中村叶の詩

中村叶の詩です。元気になれる。勇気がでる。心安らぐ。

『泥かぶら』あらす詩 

2006-03-27 21:20:20 | 詩(あらす詩・在らす詩)
『泥かぶら』あらす詩             

村で一番醜い顔をした少女泥かぶら
顔が醜いというだけの理由で村人たちに馬鹿にされ
村の子どもたちからは石を投げつけられ
唾を吐きかけられ いじめられ
悔しくて悲しくて
怒りのためにますます心はすさみ
ますます顔が醜くなった
怒りくるって棒を振り回している泥かぶらに
旅の老人が話しかけた
少女よ、美しくなる方法を教えましょう
次の三つのことを守ってごらんなさい
必ず、村一番の美人になれますよ
  いつもニッコリ笑うこと
  自分の醜さを恥じないこと
  人の身になって思うこと
美しくなりたい一心の泥かぶら
その教えを守ろうと努力を続けた
何度も中断し 諦(あきら)めかけ
だけど気を取りなおして努めていくと
いつしか憎しみが消え心が穏やかになって
明るい子どもになった
やがて村中の人気者になった泥かぶら
子守に お手伝いに と ひっぱりだこ
ある日、同年の娘が人買いに買われてゆく
それを聞いた泥かぶら
自ら進んでその娘の身代わりになって買われていった
人買いに連れられて行く道中で
泥かぶらは実に楽しげに話した
村のことや
自分が世話した可愛い赤ちゃんのことなどを
凶悪な人買い達も泥かぶらの明るく温かい心に動かされ
自分達がやってきた過ちを悔いて
置き手紙をして立ち去っていった
  ありがとう。

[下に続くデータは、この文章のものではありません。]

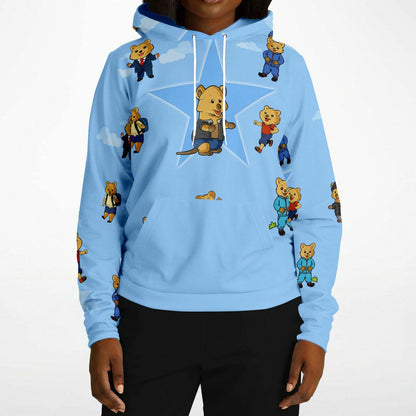 Fashion Hoodie - AOP Blue Unisex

仏のように美しい子よ
置き手紙にはそう書かれていた


 Sankei Webより
おくやみ: 真山美保さん(劇作家・演出家、新制作座文化センター理事長) 
真山美保さん(まやま・みほ=劇作家・演出家、新制作座文化センター理事長)12日、老衰のため死去、83歳。自宅は東京都八王子市元八王子町2の1419。通夜・密葬は近親者のみで済ませた。新制作座劇団葬は4月8日午後1時、同市元八王子町2の1419、新制作座文化センター劇場で。喪主は養子、正治(まさはる)氏。 
劇作家、真山青果氏の長女。昭和28年に舞台「泥かぶら」で文部大臣奨励賞を受賞したほか、菊池寛賞、東京都文化賞などを受賞した。(2006/03/17 05:00)
真山美保さんがなくなったことを、今日(3/27)知りました。そこで、代表作『泥かぶら』のあらす詩を作ってみました。ご冥福をお祈りします。